_RECORDS PROVIDED:_
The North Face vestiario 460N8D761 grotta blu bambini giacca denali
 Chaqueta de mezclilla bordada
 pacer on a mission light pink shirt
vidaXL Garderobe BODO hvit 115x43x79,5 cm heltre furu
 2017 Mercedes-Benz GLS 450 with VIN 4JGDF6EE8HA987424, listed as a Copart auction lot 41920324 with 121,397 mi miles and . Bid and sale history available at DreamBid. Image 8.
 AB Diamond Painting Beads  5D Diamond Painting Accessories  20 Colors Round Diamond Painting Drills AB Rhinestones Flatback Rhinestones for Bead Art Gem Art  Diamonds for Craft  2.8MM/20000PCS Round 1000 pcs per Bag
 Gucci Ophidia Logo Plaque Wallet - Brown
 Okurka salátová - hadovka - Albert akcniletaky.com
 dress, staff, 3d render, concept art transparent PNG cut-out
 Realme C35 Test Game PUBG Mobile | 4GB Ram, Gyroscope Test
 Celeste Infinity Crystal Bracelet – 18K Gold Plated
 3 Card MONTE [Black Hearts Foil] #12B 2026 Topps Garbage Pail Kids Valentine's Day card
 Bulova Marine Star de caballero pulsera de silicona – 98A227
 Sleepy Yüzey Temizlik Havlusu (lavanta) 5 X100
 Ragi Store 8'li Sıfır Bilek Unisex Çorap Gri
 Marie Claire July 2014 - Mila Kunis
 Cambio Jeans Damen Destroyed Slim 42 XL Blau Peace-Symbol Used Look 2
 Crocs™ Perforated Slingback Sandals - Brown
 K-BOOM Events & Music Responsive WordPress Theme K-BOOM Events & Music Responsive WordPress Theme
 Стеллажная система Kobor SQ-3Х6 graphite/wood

_THE TASK:_ Where a line above contains the word "Brown", copy that line.

_YOUR SOLUTION:_
 Gucci Ophidia Logo Plaque Wallet - Brown
 Crocs™ Perforated Slingback Sandals - Brown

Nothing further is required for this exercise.